Call voice acquisition method and device, computer equipment and storage medium

Technical Field

The present application relates to the field of voice interaction technologies, and in particular, to a method and an apparatus for acquiring a call voice, a computer device, and a storage medium.

Background

A voice interactive robot (Chatterbot) is a computer program that carries out conversations via conversations or words, capable of simulating human conversations or chats. At present, the voice interaction robot is widely applied to an instant messaging platform, realizes the functions of entertainment, retail marketing or serving as customer service, and can be applied to scenes of voice outbound services such as overdue reminding services and marketing services.

In the process of voice interaction, the traditional method generally adopts fixed several tones and the same set of template call voice, and during voice interaction, outbound interaction is randomly performed, however, the interaction method has a single mode, so that the feedback result of a user is not ideal after voice interaction.

Disclosure of Invention

Therefore, it is necessary to provide a call voice acquiring method, an apparatus, a computer device and a storage medium for solving the technical problem that the interaction method has a single mode and results in an unsatisfactory user feedback result after voice interaction.

A call voice acquisition method, the method comprising:

acquiring a first response voice of a voice call object based on a preset call voice in a voice interaction process; the preset call voice corresponds to the voice call object;

acquiring voice text information in the first response voice;

determining the label information of the voice call object according to the voice text information;

and determining a second response voice aiming at the first response voice and voice parameters of the second response voice according to the label information.

In one embodiment, the determining, according to the tag information, a second response voice for the first response voice and voice parameters of the second response voice includes:

when the tag information belongs to target tag information, obtaining portrait tag information of the voice call object;

determining a truth degree identification result of the first response voice according to the portrait label information;

and acquiring response voice corresponding to the reality recognition result and voice parameters of the response voice, and correspondingly taking the response voice as second response voice of the first response voice and voice parameters of the second response voice.

In one embodiment, the determining a truth recognition result of the first response voice according to the portrait label information includes:

determining a target information identifier corresponding to the portrait label information;

acquiring the portrait label grade corresponding to the target information identification as the portrait label grade of the voice call object;

and determining a truth recognition result of the first response voice according to the portrait label grade.

In one embodiment, the acquiring portrait tag information of the voice call object includes:

acquiring historical call data and historical credit data of the voice call object;

obtaining label values corresponding to a plurality of preset labels according to the historical call data and the historical credit data;

and according to the weight coefficient corresponding to each preset label, carrying out weighting processing on the label value corresponding to each preset label to obtain a target label value which is used as portrait label information of the voice call object.

In one embodiment, the voice parameters of the second response voice include: response tone, response intonation, and response volume;

after determining a second response voice for the first response voice and voice parameters of the second response voice according to the tag information, the method further includes:

performing voice synthesis on the response tone, the response intonation, the response volume and the second response voice based on a pre-trained voice synthesis model to obtain a target response voice;

and sending the target response voice to a voice interaction robot so that the voice interaction robot can perform voice interaction with the voice call object by adopting the target response voice.

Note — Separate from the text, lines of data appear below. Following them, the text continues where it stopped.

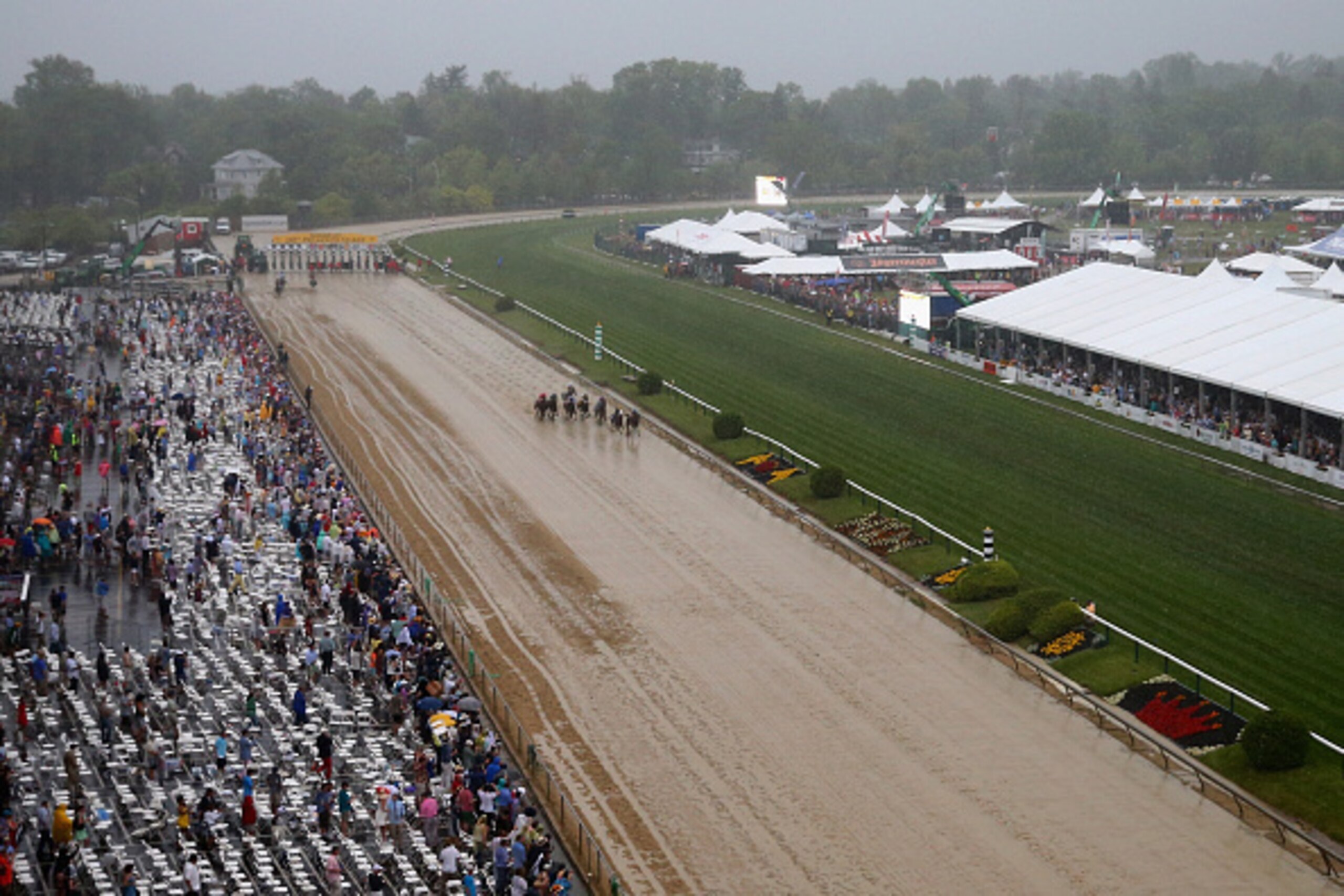 BALTIMORE, MD - MAY 16:  The field heads into the first turn during the 140th running of the Preakness Stakes at Pimlico Race Course on May 16, 2015 in Baltimore, Maryland.  (Photo by Maddie Meyer/Getty Images)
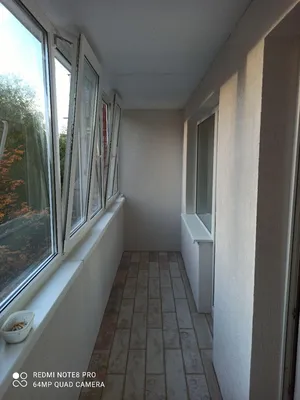 Фото балкона с отделкой штукатуркой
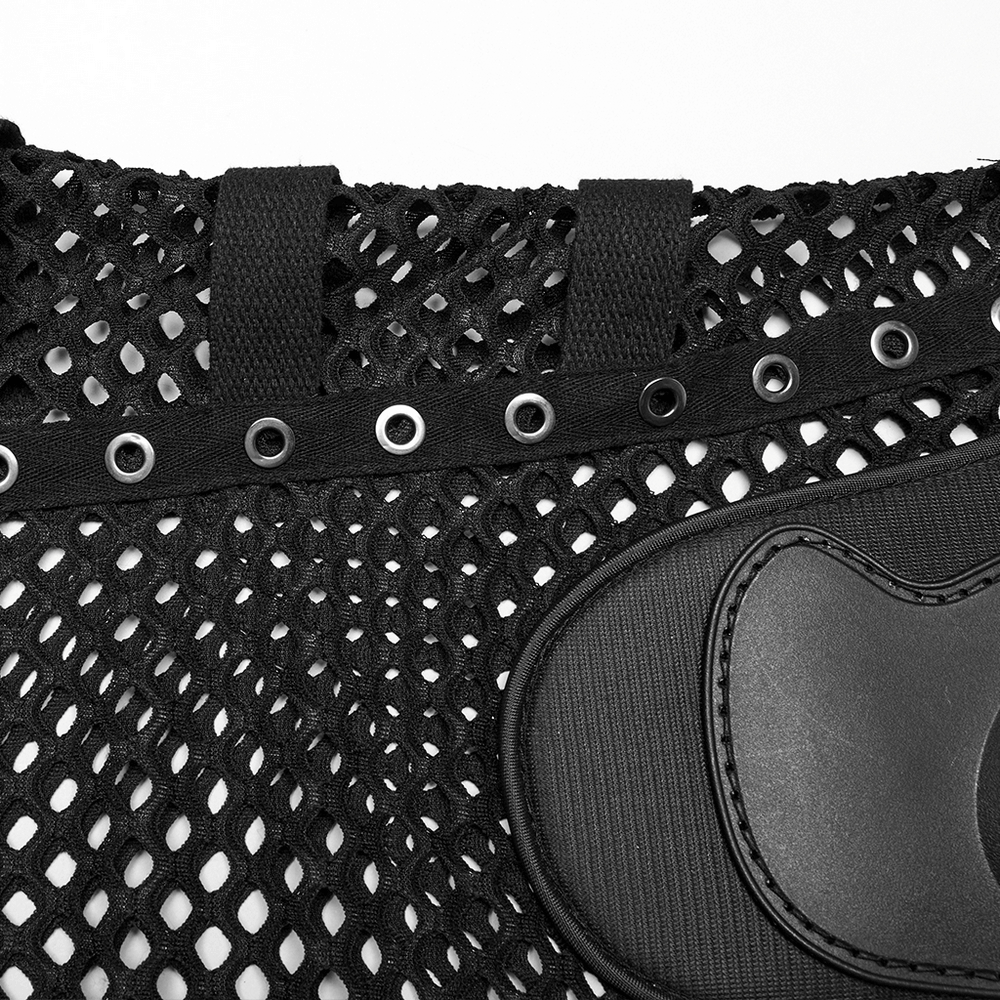 Close-up of black mesh fabric with eyelets and a patch, showcasing edgy cyberpunk style.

In one embodiment, the determining the tag information of the voice call object according to the voice text information includes:

inputting the voice text information into a pre-trained semantic recognition model to obtain the label information of the voice call object; and the pre-trained semantic recognition model is used for performing semantic recognition on the voice text information to obtain the label information of the voice call object.

In one embodiment, before obtaining a first response voice of a voice call object based on a preset call voice in a voice interaction process, the method further includes:

acquiring initial call voice from a preset voice database;

and synthesizing the preset voice parameters and the initial call voice to obtain the preset call voice.

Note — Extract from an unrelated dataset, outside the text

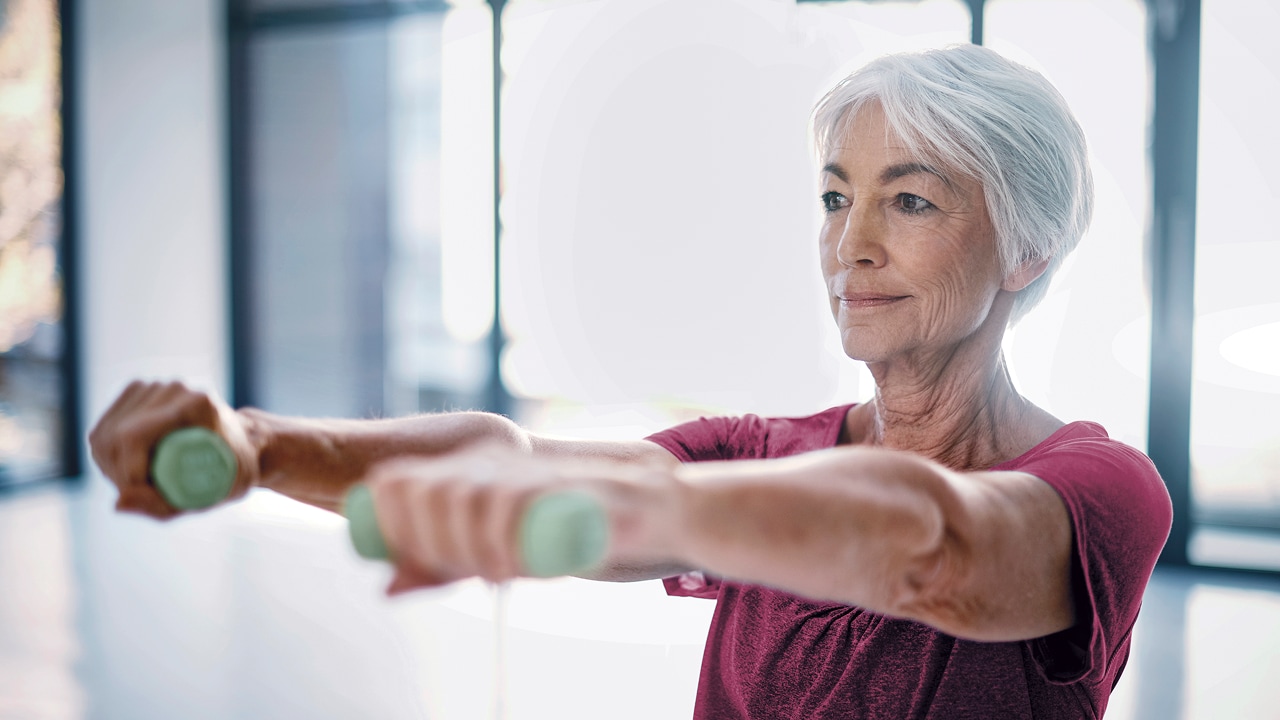 An elderly woman exercising with weights held out in front of her.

A call voice acquisition apparatus, the apparatus comprising:

the first answer voice acquisition module is used for acquiring a first answer voice of a voice call object based on a preset call voice in the voice interaction process; the preset call voice corresponds to the voice call object;

the voice text information acquisition module is used for acquiring voice text information in the first response voice;

the tag information determining module is used for determining the tag information of the voice call object according to the voice text information;

and the second response voice determining module is used for determining a second response voice aiming at the first response voice and a voice parameter of the second response voice according to the label information.

A computer device comprising a memory and a processor, the memory storing a computer program, the processor implementing the following steps when executing the computer program:

acquiring voice text information in the first response voice;

A computer-readable storage medium, on which a computer program is stored which, when executed by a processor, carries out the steps of:

acquiring voice text information in the first response voice;

According to the call voice obtaining method, the call voice obtaining device, the computer equipment and the storage medium, the voice text information in the first answer voice is obtained by obtaining the first answer voice of the voice call object based on the preset call voice in the voice interaction process, the label information of the voice call object is determined according to the voice text information, and finally the second answer voice aiming at the first answer voice and the voice parameter of the second answer voice are determined according to the label information.

Drawings

Fig. 1 is an application scenario diagram of a call voice acquisition method in an embodiment;

FIG. 2 is a flow chart illustrating a method for call voice acquisition in one embodiment;

FIG. 3 is a flowchart illustrating the step of determining a second response utterance in one embodiment;

FIG. 4 is a diagram illustrating a page for editing a customer representation in one embodiment;

FIG. 5 is a diagram illustrating a configuration page of call voice in one embodiment;

FIG. 6 is a flow chart diagram illustrating call speech in one embodiment;

FIG. 7 is a block diagram showing the structure of a call voice acquiring apparatus according to an embodiment;

FIG. 8 is a diagram illustrating an internal structure of a computer device according to an embodiment.

Detailed Description

In order to make the objects, technical solutions and advantages of the present application more apparent, the present application is described in further detail below with reference to the accompanying drawings and embodiments. It should be understood that the specific embodiments described herein are merely illustrative of the present application and are not intended to limit the present application.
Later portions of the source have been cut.